There is a right way to play League of Legends.
This statement used to be accepted as the universal truth with most players and community figures agreeing that LCK is the shining example of how the game is supposed to be played. And while it’s true that Koreans are a step ahead of their competition, every once in awhile a team appears that makes you reconsider. And this season, there’s more than one.
Fnatic’s Animal Style
Fnatic was in dire straits this Split. After Team ROCCAT stepped up to challenge them for the Playoffs spot, it was obvious that Fnatic needed to make drastic changes. That change was the Animal Style.
The team’s new approach focused entirely on giving Fnatic an explosive mid game. By drafting off-meta marksmen like Vayne, Twitch, and Kennen, Fnatic turned their AD carry into the vanguard of their offensive. Usually, these picks would be exploited in the early game, but Fnatic made sure to cover their bot lane with jungle Elise and mid laners with high roaming potential. This way, even the most dominant bot lanes would be wary of challenging Rekkles due to the constant fear of being dragged into a 2v3 fight.
Of course, this bot lane focus had to be covered with safe—and somewhat passive—top lane picks. But that was a small price to pay for getting Fnatic’s superstar AD carry going. Not only that, but Rekkles’s Frozen Mallet build turned him into a massive splitpushing threat while his champions’ kits allowed him to remain a force to be reckoned with in teamfights.
The weirdest thing about the Animal Style was that it worked, and even a team like G2 could get caught off guard by it. Still, it would be easy to write it off as a one-time gimmick. But how scary could Fnatic get if they polished this approach to perfection? And how much of a headache would they be to draft against if Animal Style became just one of the tools in their arsenal?
UoL’s Perfect Balance
Unicorns are no strangers to innovation. They have come a long way since their Chaos Style days, but there’s still some magic happening in their draft. The team’s rookie jungler, Xerxe, puts on a clinic on untested picks like Warwick, Rumble, or Hecarim. Samux often prioritizes Caitlyn and Lucian that are not exactly S-tier. And Hylissang’s immense champion pool allowed him to counter enemy strategies with defensive champions like Taric, Zilean, and Tahm Kench.

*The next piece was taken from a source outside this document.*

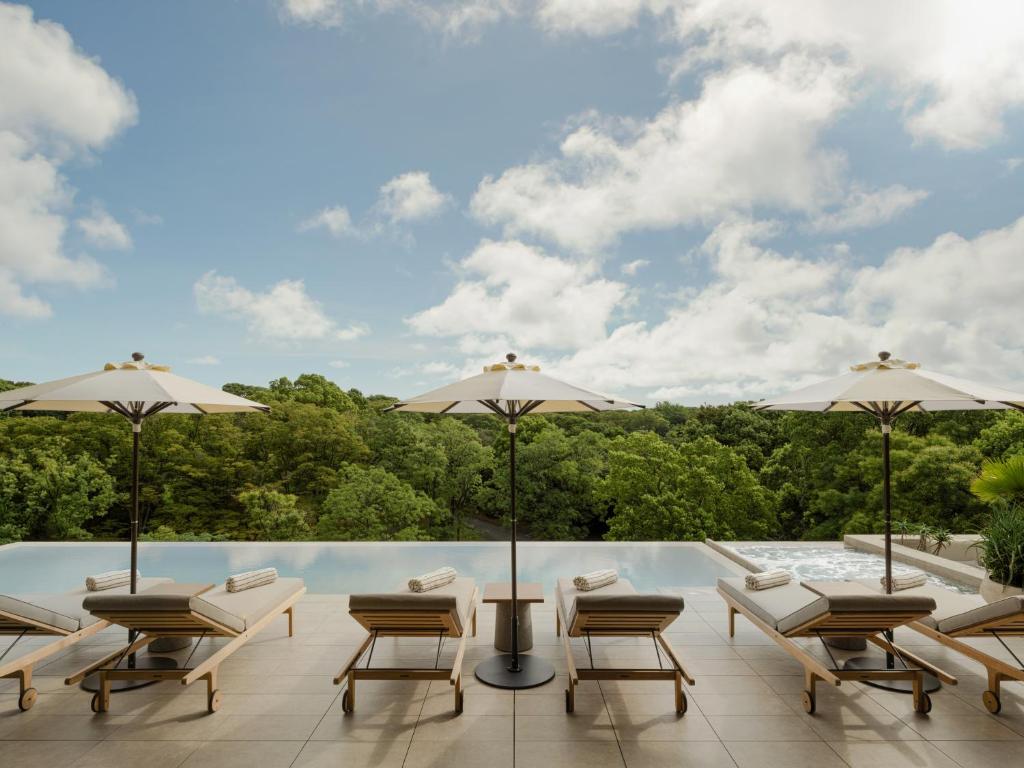 Luxurious poolside area with sun loungers and umbrellas overlooking lush greenery under a bright sky. Perfect for relaxation.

No matter the roster, UoL always seems to retain their unique vision. It’s worth noting that the most recent iteration of the Unicorns doesn’t try out new things for the sake of it. Instead, they work on integrating unusual champions into their strategies, and combine solid macro with off-meta compositions. Considering that they’ve made it all the way to the finals of the EU LCS, things seem to have been working out for them.
FlyQuest’s Flex Picks
Not all innovators have to be successful. Their 6-1 record at the start of the Split, lead the NA LCS team to believe that it could take on the world. The ensuing feeding spree almost made them fall short of qualifying for Playoffs, and FlyQuest had to switch to standard play to salvage the situation. Now it’s easy to say that the team got carried away playing Mordekaiser/Blitzcrank bot lane and Shaco jungle.
But some of their picks worked.
The sole presence of Moon’s Evelynn instilled fear into FlyQuest’s enemies and allowed the team to pull through in many key games. Unorthodox champions aren’t the only thing that FlyQuest brought to the table. With Hai being in charge of the team’s decision-making, FlyQuest’s all-or-nothing shot calling has repeatedly blindsided its opponents. In retrospect, many have claimed that this approach had been hit or miss. But is that really true when it took most NA teams so much time to adapt to it?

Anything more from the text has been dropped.